Exercise:
Repeat every entry exactly as it stands. Omit the images.

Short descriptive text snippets
════════════════════
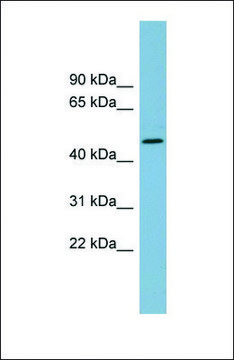 Anti-TDO2, (N-terminal) antibody produced in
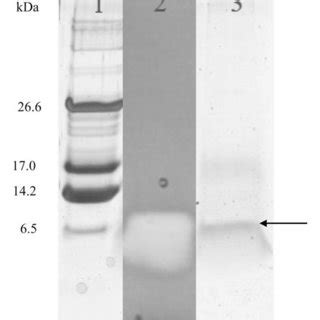 Tricine–SDS-PAGE of purified BacSJ. Lane 1 = Ultra low– range... | Download Scientific Diagram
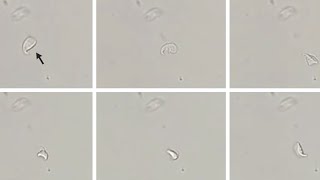 FallingLeaf Motility of Giardia lamblia and A Giardia lamblia Trophozoitewith FallingLeaf Motility [upl. by Woodruff]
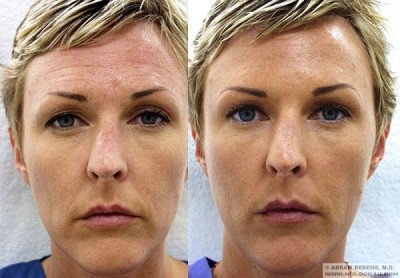 Botox can be learnt in a weekend.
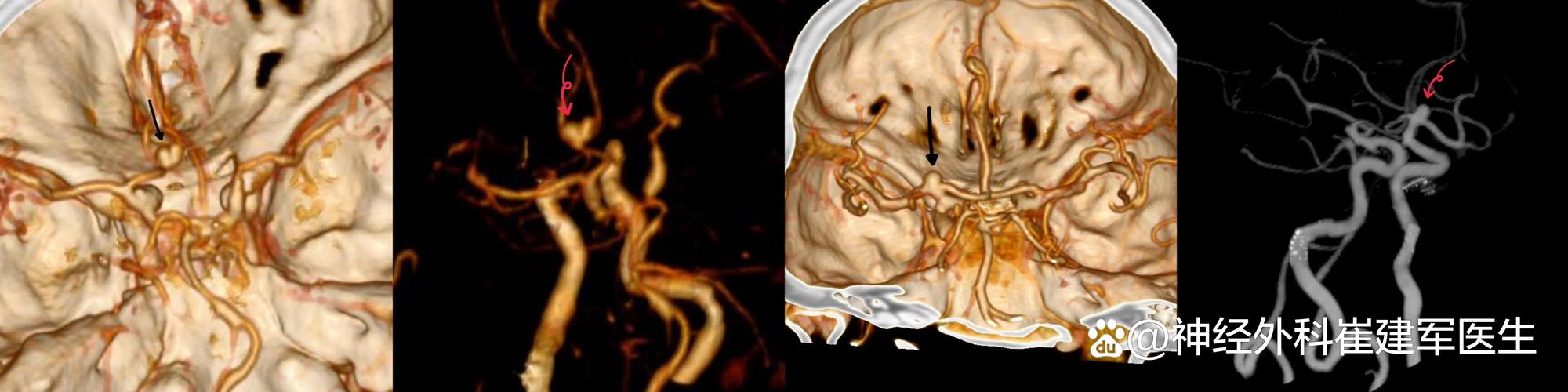 脑梗患者 检查 CTA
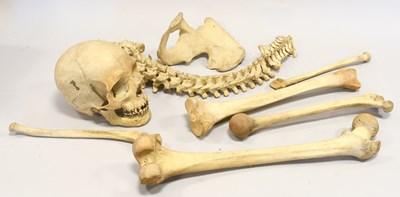 Lot 123 - Human Half Skeleton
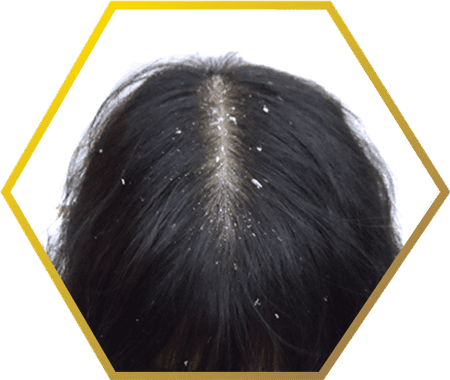 How to Apply Curd on Hair: 12 Steps (with Pictures) - wikiHow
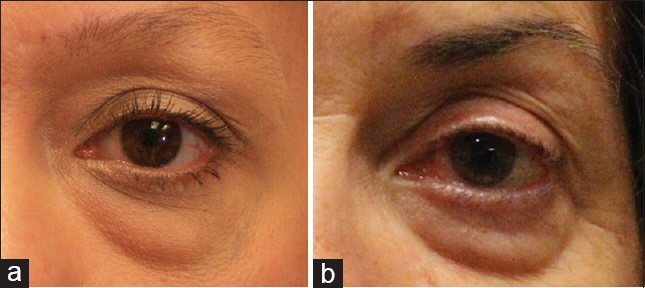 宝宝眼睛一圈黑眼圈是怎么回事,宝宝眼下黑眼圈很重是什么原因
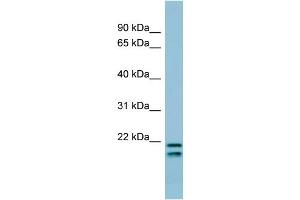 WB Suggested Anti-SFTPC Antibody Titration:  0.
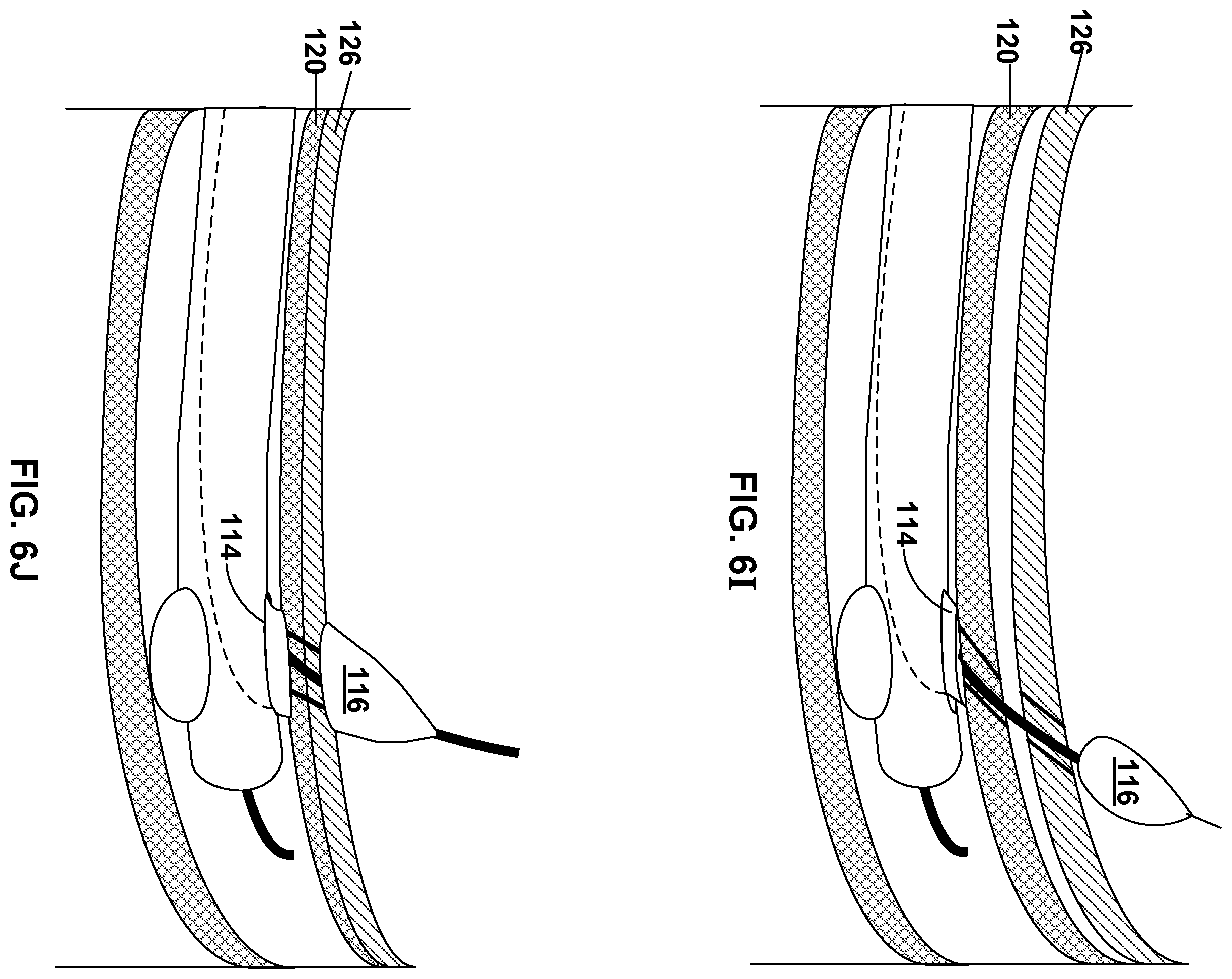 Patent US12569296 Figure 9 – Left-atrium-to-coronary-sinus shunt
════════════════════
Response to the task:
 Anti-TDO2, (N-terminal) antibody produced in
 Tricine–SDS-PAGE of purified BacSJ. Lane 1 = Ultra low– range... | Download Scientific Diagram
 FallingLeaf Motility of Giardia lamblia and A Giardia lamblia Trophozoitewith FallingLeaf Motility [upl. by Woodruff]
 Botox can be learnt in a weekend.
 脑梗患者 检查 CTA
 Lot 123 - Human Half Skeleton
 How to Apply Curd on Hair: 12 Steps (with Pictures) - wikiHow
 宝宝眼睛一圈黑眼圈是怎么回事,宝宝眼下黑眼圈很重是什么原因
 WB Suggested Anti-SFTPC Antibody Titration:  0.
 Patent US12569296 Figure 9 – Left-atrium-to-coronary-sinus shunt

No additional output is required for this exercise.